◆ **Exercise**: An exact copy of all the data below is needed.

◆ **Information provided**:
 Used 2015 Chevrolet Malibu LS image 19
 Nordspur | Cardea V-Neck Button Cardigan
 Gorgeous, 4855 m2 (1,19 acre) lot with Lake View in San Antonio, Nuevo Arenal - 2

◆ **Exercise solution**:
 Used 2015 Chevrolet Malibu LS image 19
 Nordspur | Cardea V-Neck Button Cardigan
 Gorgeous, 4855 m2 (1,19 acre) lot with Lake View in San Antonio, Nuevo Arenal - 2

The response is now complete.